GÉNERO: Religión,Política
El capitán de Loyola (José Díaz Morales, 1949)
Pareciera que El capitán de Loyola va a seguir la senda de los melodramas históricos de Juan de Orduña para Cifesa. Todo parece indicarlo así: época, ambientación, diálogos grandilocuentes e, incluso, la impostación declamatoria de Maruchi Fresno en el papel de doña Juana la loca, calcada de la de Aurora Bautista en Locura de amor (1948). Las escenas del asedio de Pamplona -resueltas en exteriores y con ambición épica- y la conducción de Íñigo de Loyola, herido, hasta su casa -en plano subjetivo- auguran ya una salida de la falsilla. Pero a partir de la lectura de unas "Vidas de Santos" durante su convalecencia, la vida de Íñigo de Loyola pega un giro tal que el de Saulo de Tarso camino de Damasco y el guión olvida cualquier convención dramática, descarrila y avanza a campo abierto sin freno ni guía. Disciplinas sangrientas y penitencias de un masoquismo tan delirante como gozoso conducen al nuevo Igancio de Loyola (Rafael Durán) a la fundación de la Compañía de Jesús.
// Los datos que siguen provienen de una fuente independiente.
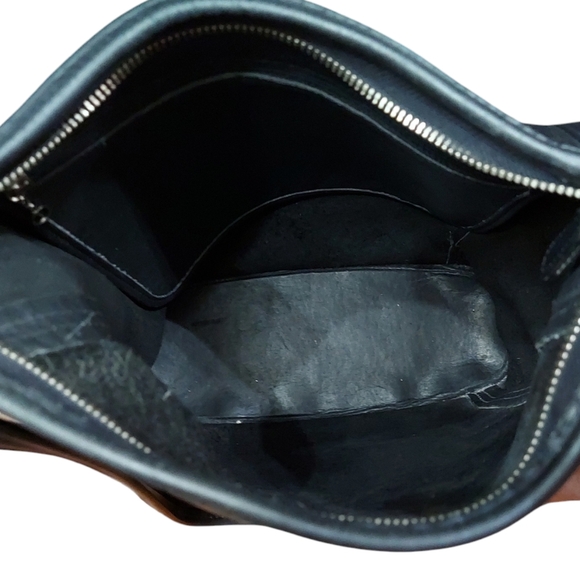 Coach Vintage Leather Slim Duffle Bucket Bag Made In United States No. 9060 EUC - Picture 13 of 13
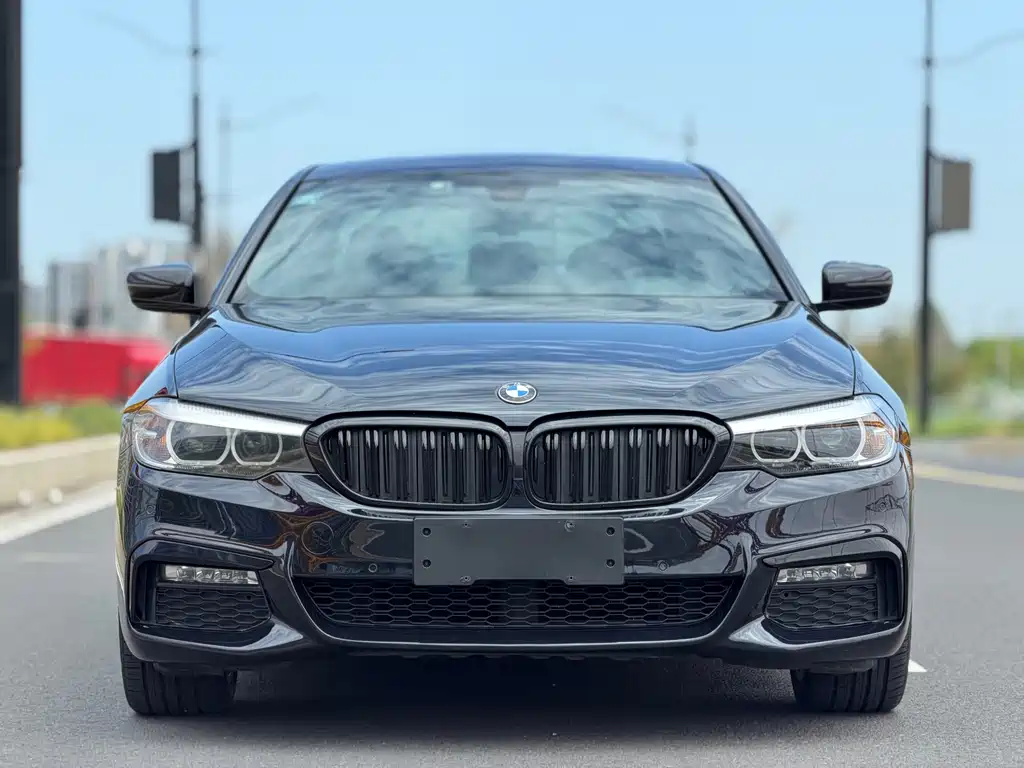 BMW 5 Series 2019 — фото 2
Atrás queda la subtrama con la que se iniciaba la película, el encuentro con la infanta de España (la muy hermosa Rosa María Salgado) y un amor imposible sublimado cuando ella se le aparece con los rasgos de la mismísima Virgen María. Allá se fueron las hazañas caballerescas inspiradas en la lectura febril del Amadís de Gaula que proporcionaban perfiles quijotescos al personaje en los primeros compases. Apenas queda la redención tardía de su amigo y rival, el pecador Beltrán (Manuel Luna), cuya conversión -tan absurda y dramáticamente injustificada como la del propio Íñigo- sirve de macguffin al tramo final de la cinta de José Díaz Morales. Todavía, antes de la escena final, en un momento tan insospechado como anticlimático, un publirreportaje ilustra el trabajo contemporáneo de los jesuitas, en un intento de establecer algo tardíamente cierto paralelismo con el cine de Cruzada.
José María Pemán, que había estrenado el drama en verso El divino impaciente en 1933- vuelve a visitar en este guión personajes y situaciones que ya había tocado en su obra de fervor antirrepublicano.